[Image-text web data]
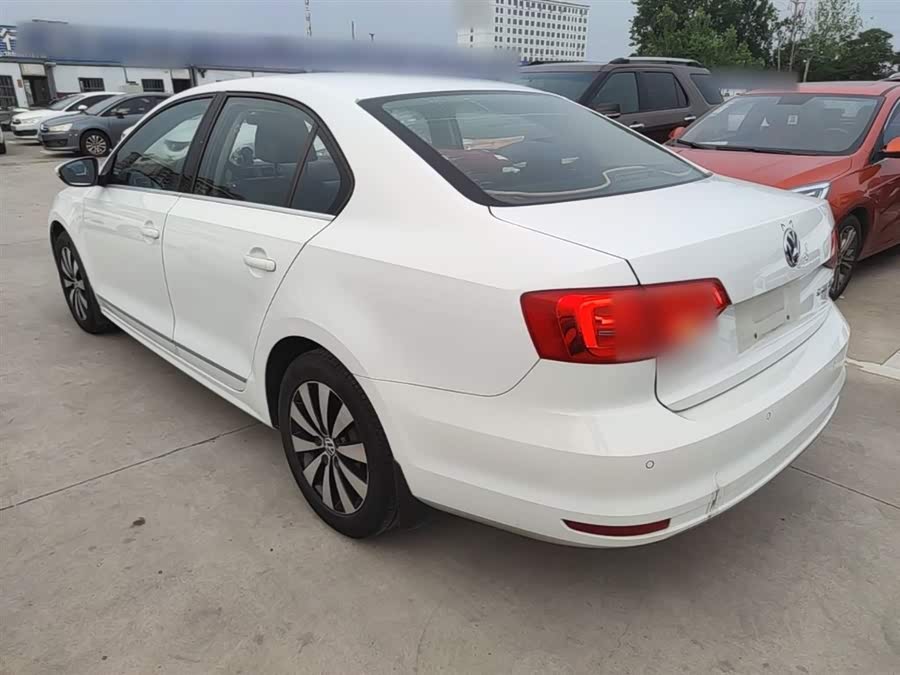 Volkswagen Sagitar 2018
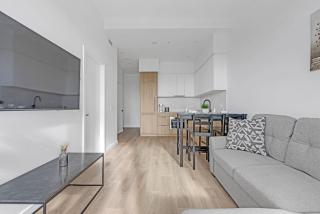 1-Bedroom Surrey Condo with Breathtaking Views - Surrey - 7
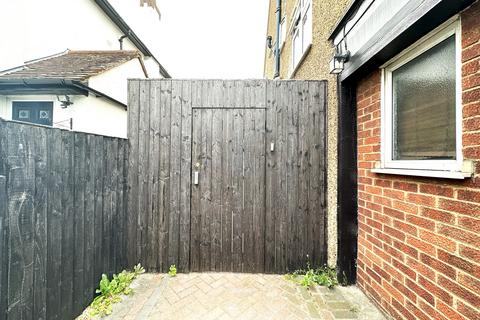 Studio to rent, Hornchurch RM11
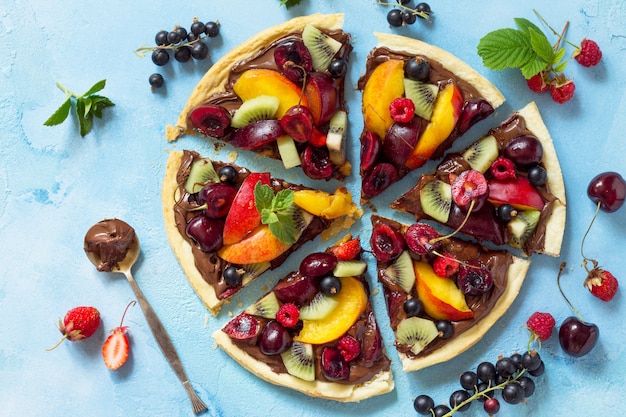 Délicieuse pizza aux fruits d'été maison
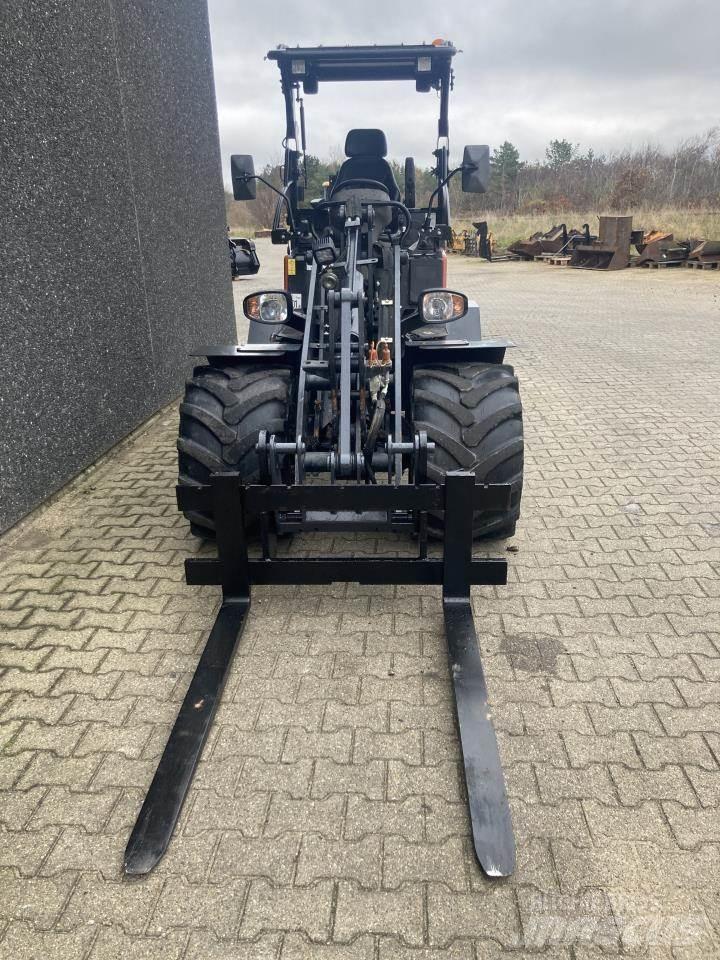 Kubota RT280 小型装载机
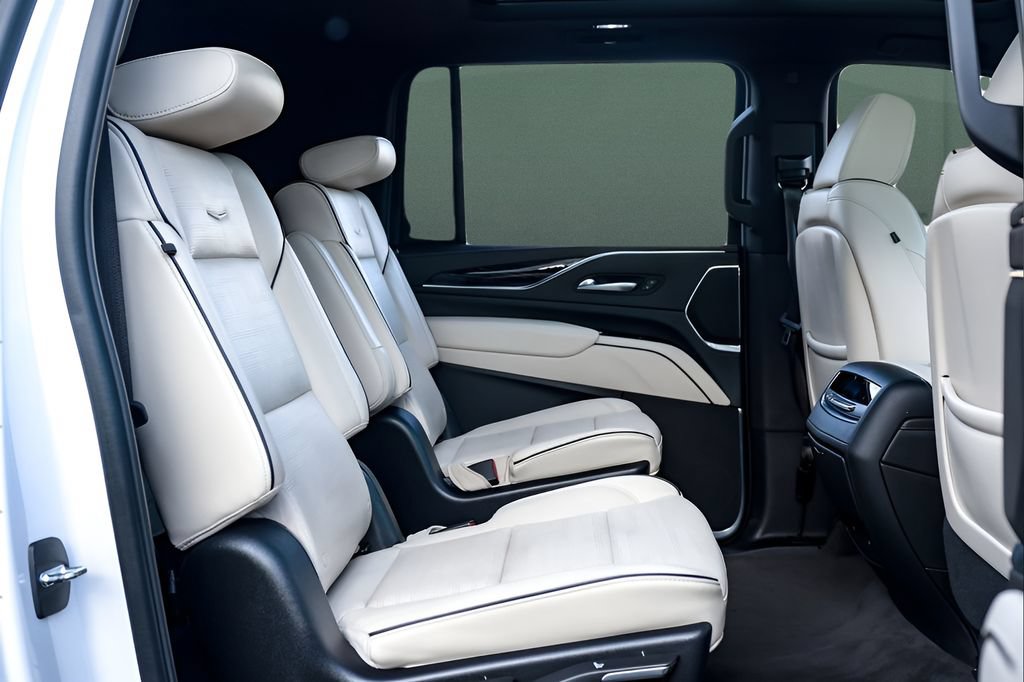 Used 2023 Cadillac Escalade ESV Sport w/ Touring Package AWD/4WD image 20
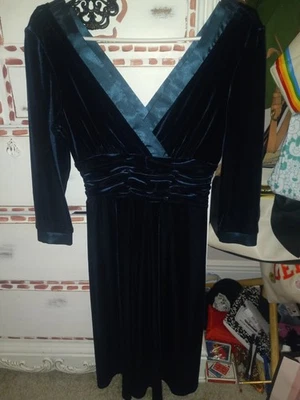 Vestido de terciopelo verde azulado para mujer talla 4P Sandra Darren Foto 1 de 4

▸ **Task requirements**
Omit all images when repeating the data above exactly.

▸ **Task output**
 Volkswagen Sagitar 2018
 1-Bedroom Surrey Condo with Breathtaking Views - Surrey - 7
 Studio to rent, Hornchurch RM11
 Délicieuse pizza aux fruits d'été maison
 Kubota RT280 小型装载机
 Used 2023 Cadillac Escalade ESV Sport w/ Touring Package AWD/4WD image 20
 Vestido de terciopelo verde azulado para mujer talla 4P Sandra Darren Foto 1 de 4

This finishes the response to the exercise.